Provided data:
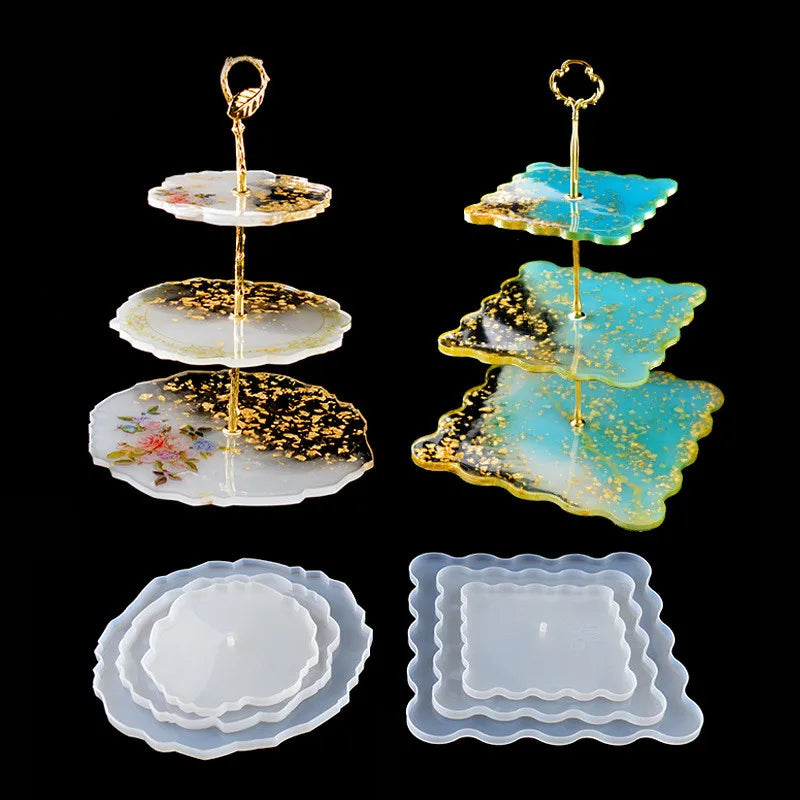 HY 3-Layer Tray Silicone Mold DIY Epoxy Resin Casting Silicone Cake Stand Epoxy Mold Tray Handcraft Making Tools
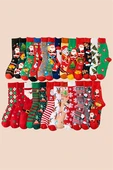 Unisex Noel Çorabı | Noel Baba, Geyik veya Kar Adamı Desenli Orta Bilek Çorap (1 Çift) – Rastgele Model thumbnail 1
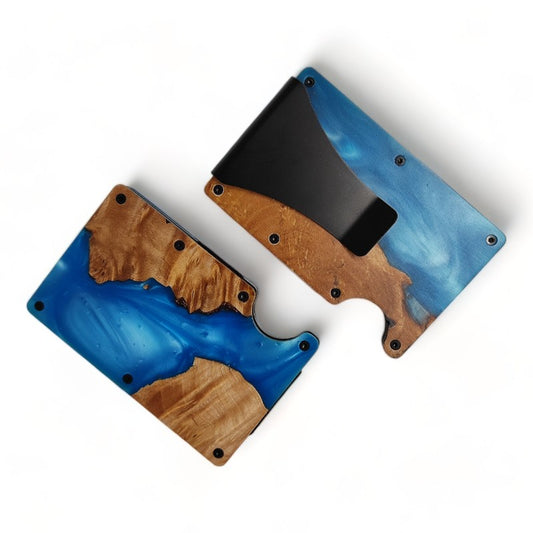 Wood and Resin Card Holder Wallet Sapphire Blue - Tallpine Cases | Sustainable and Eco-Friendly - card holder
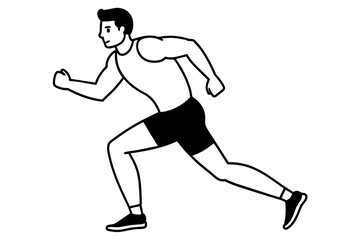 Fototapeta na wymiar A male athlete running in the morning line art vector silhouette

What the task requires:
The output consists of exactly the lines from the one containing "Wood and Resin" through the last line of the listing, both included, with no pictures.

Result:
 Wood and Resin Card Holder Wallet Sapphire Blue - Tallpine Cases | Sustainable and Eco-Friendly - card holder
 Fototapeta na wymiar A male athlete running in the morning line art vector silhouette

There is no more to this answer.